In any case, the team I see described above does not project to win 102 games. Nor is it a 12 win team, like the Phillies team we have seen since the All Star Break. It could be a mid-eighties team for whom a trade deadline deal turns out to be the difference between making the playoffs or not. Or maybe they outperform their pythag and sneak in on the lucky side of their standard win distribution. It is not a team that I could reasonably see losing 90 or more games.

It is a team that is also beginning to reshuffle its age profile and payroll obligations. It is also a year closer to being free of Ryan Howard.

In Federal Reserve talk, the Phillies in 2011 were in bubble mode. Career pitching years, or close to it, from the big guns and no major pitching injuries made me more optimistic than I should have been about the future. Still, from that high, the team had to find a new core, hopefully on the fly and without losing too many seasons. They're looking for the "soft landing."

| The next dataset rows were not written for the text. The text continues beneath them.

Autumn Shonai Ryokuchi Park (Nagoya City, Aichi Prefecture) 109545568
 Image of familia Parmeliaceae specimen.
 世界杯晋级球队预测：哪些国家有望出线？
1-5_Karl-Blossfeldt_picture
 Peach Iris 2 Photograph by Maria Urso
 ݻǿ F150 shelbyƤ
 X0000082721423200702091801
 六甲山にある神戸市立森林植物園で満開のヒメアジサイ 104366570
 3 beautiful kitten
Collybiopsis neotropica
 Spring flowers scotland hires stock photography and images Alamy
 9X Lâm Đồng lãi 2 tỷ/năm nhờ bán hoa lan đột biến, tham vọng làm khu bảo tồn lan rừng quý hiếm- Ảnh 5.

There's been some gear-grinding as they've looked to downshift and get momentum headed the other direction. During that gear-grinding, we have experienced a few months full of bad baseball, but nothing like the Pirates of the 1990's and 2000's. Or the Orioles. Or the Nationals. Or even the Mets of the last few years. And it does not realistically look like it will ever be that bad.

Since the Pence trade, Amaro has not made any stupid "prospects for players" trades, Michael Young notwithstanding. He has not signed anyone of consequence (Mike Adams is noise in the Phillies' budget. Durbin, too.) He turned Worley into Revere, who, till his injury, looked playerish after an atrocious early part of the year. Amaro didn't move Brown, though many were ready to cut ties with this "bust" not long ago.

The minors may not be bursting with talent, but there are players on the horizon to wishcast on, like Adam Morgan, Maikel Franco, Kelly Dugan, Ethan Martin, Asche, as well as ones we have started to get to know, like Galvis, Ruf, and De Fratus. Who the hell knows what Miguel Gonzalez is? I'm not even putting players like Sandberg or Crawford into the picture, since they are way off yet. The young talent hemorrhage is over. The old talent hemorrhage is well underway, starting with Blanton, Polanco, Victorino, and Pence last year and likely to continue this off-season. No major, long-term commitments have been made to old players for a while now.

The Phillies sold out for the last time in 2011 to try to wring one more go-round out of the 2008 crew. That sellout likely made the pain worse and longer -- having Singleton and Cosart would be really nice right now, but it is done. It looks like the modus operandi since the 2011 trade deadline has been to stockpile younger players, work off the pain of the old obligations, and move forward. The Pence deal, awful as it was, was really they last time they shipped out young cheap bodies for old expensive ones.

There have been small "dumbs" like Mike Adams and Delmon Young, but the Phillies needed a body in right. Non-tendering Schierholtz baffled me, but he doesn't make or break the team long-term. Adams was dumb, but not a huge problem. Michael Young was needed to pilot third during what was likely to be a Sargasso Season, and they got Texas to pick up some of the freight on him. And he hasn't been great, but he hasn't been awful. He wasn't Youkilis, at least. The Phillies are not saddled with long contracts for Josh Hamilton or B.J. Upton or Shane Victorino or Angel Pagan.

So take a big, deep breath and chill out. You are going through a fan root canal. It will last a little while longer, but the worst is probably over. The losing may not stop Tuesday or Wednesday, but it will stop. And 2014 will be better than 2013, and the end of the tunnel that much nearer. I saw a lot of "there is no bottom" comments and tweets over the last week. There is a bottom and this is it. I'm calling it. It only gets better from here on out.